**TASK GOAL**
An exact copy of the data is required; the images should not appear in it.

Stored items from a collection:
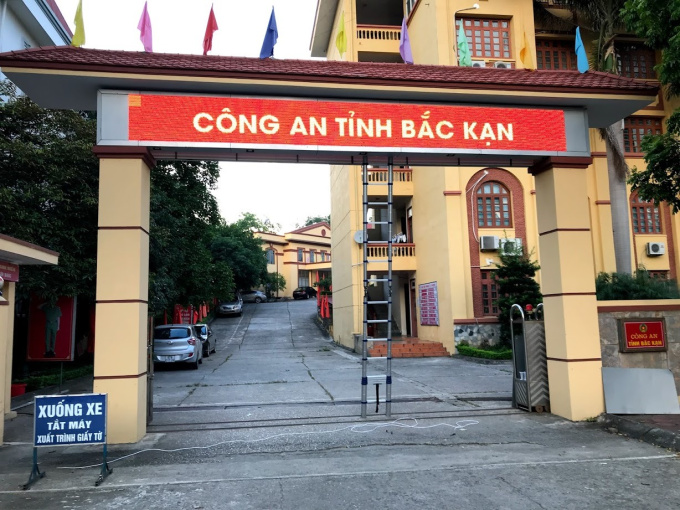 Một cựu trưởng phòng cảnh sát bị khai trừ khỏi Đảng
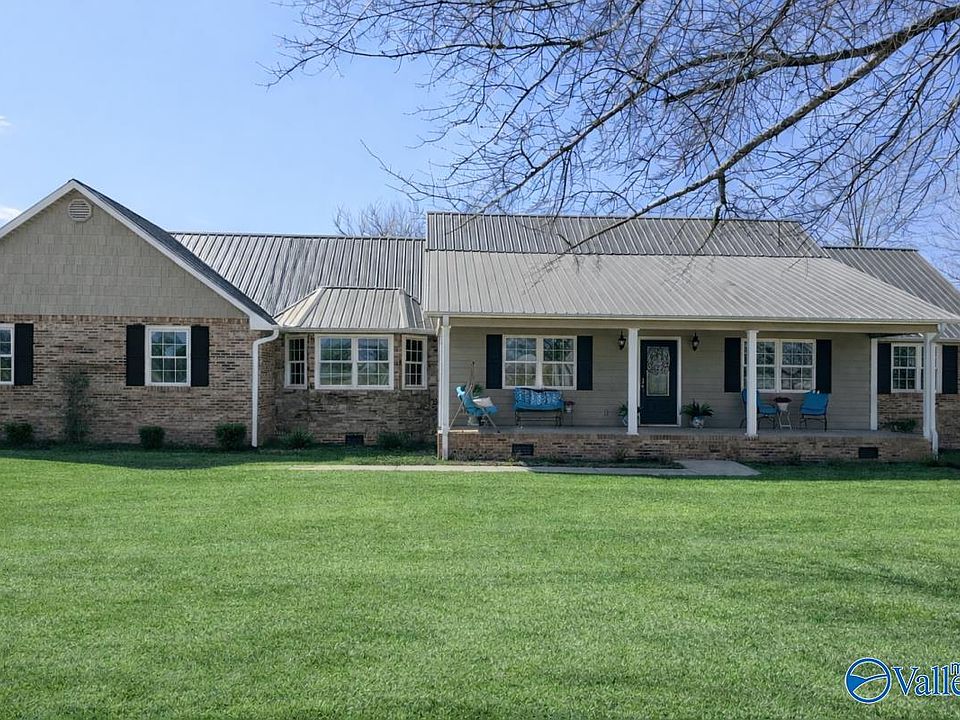 1st image of 1526 Needmore Rd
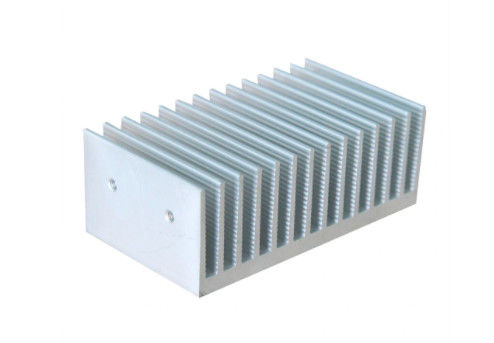 Profils en aluminium anodisés de radiateur d'extrusion de radiateur standard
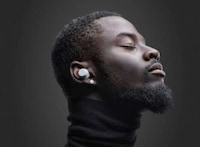 Replaceable Battery Earbuds Image 1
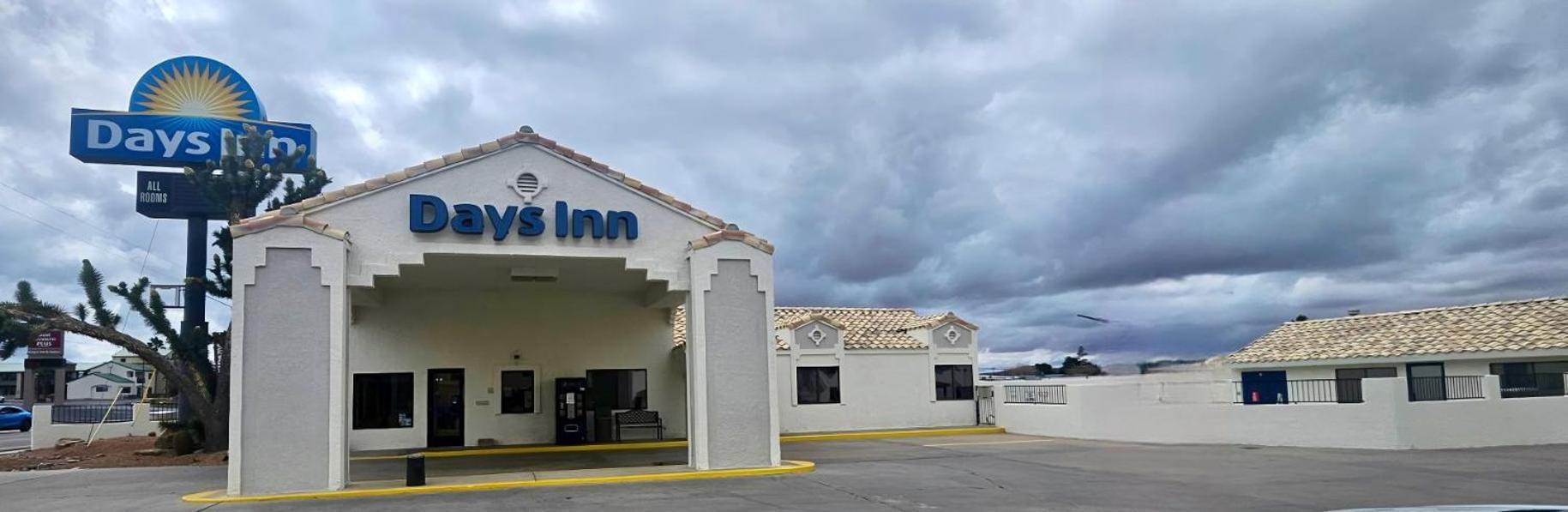 Days Inn By Wyndham Kingman West Экстерьер фото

**PROBLEM SOLUTION**
 Một cựu trưởng phòng cảnh sát bị khai trừ khỏi Đảng
 1st image of 1526 Needmore Rd
 Profils en aluminium anodisés de radiateur d'extrusion de radiateur standard
 Replaceable Battery Earbuds Image 1
 Days Inn By Wyndham Kingman West Экстерьер фото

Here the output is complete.